From Policy to Practice: Building a Lasting Affordability Playbook in Omaha
Communities across the country are exploring tools like accessory dwelling units, land banks, and shared equity models. The challenge is rarely awareness. The challenge is implementation.
Our advisory work with Grounded Solutions Network and local partners in Omaha centered on a simple question: how do you move from interest in affordability tools to a coordinated, community-supported pathway that protects long-term outcomes?
We began by listening. Through culturally competent engagement sessions, we worked with residents, agencies, and practitioners to understand local priorities, fears, and aspirations. In parallel, we conducted land-use and market analysis to ground those conversations in regulatory and economic reality.

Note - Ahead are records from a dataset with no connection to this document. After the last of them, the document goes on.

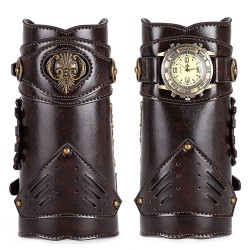 medieval unisex faux back leather bracer arm cuff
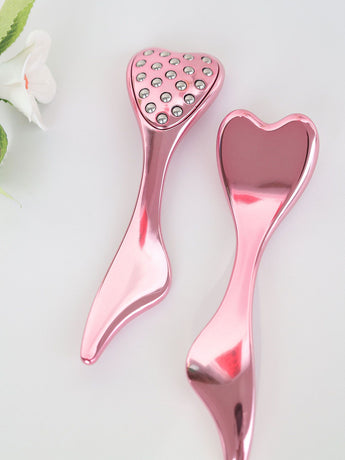 304 Stainless Steel Heart Shaped Roller Ball Massager: Face Lifting and Eye Soothing, Body Scraping and Relaxation, Lightweight and Portable, One Tool for Skincare and Body Care(PINK)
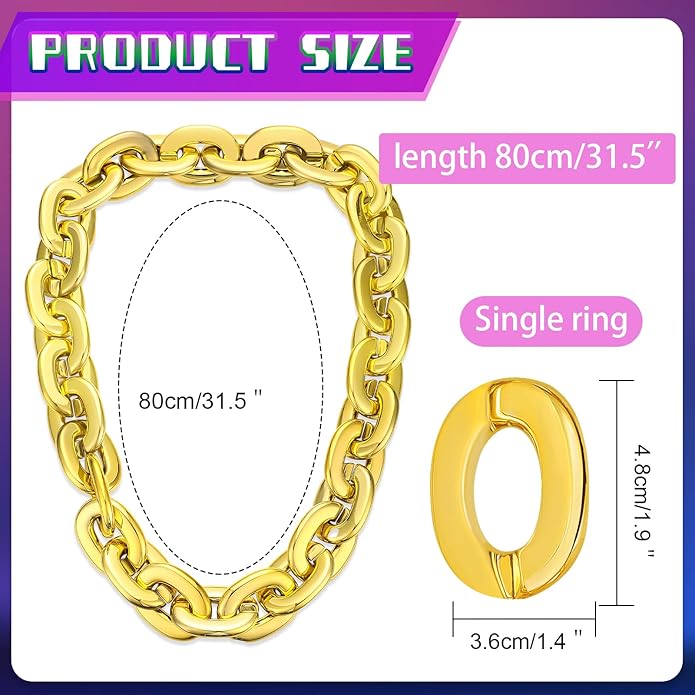 Remuuly Plastic Chain Necklace Chunky Big Fake Necklace Hip Hop Rapper Giant Turnover Chain Costume for Halloween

The value of this dual-track approach is that it allows strategy to emerge at the intersection of community intent and development feasibility. Rather than delivering abstract recommendations, we translated insight into a practical playbook — outlining implementation steps, partnership roles, and policy considerations that local actors could immediately use.
The resulting framework supported exploration of ADU development, informed affordability strategies, and helped align multiple agencies around a shared direction. More importantly, it created a common language between community stakeholders and institutional decision-makers.
For organizations working in housing and land use, this work reinforced a critical advisory principle: technical tools only become powerful when they are paired with locally grounded processes. Effective advisors design both the strategy and the pathway, ensuring that ideas are not only sound, but usable.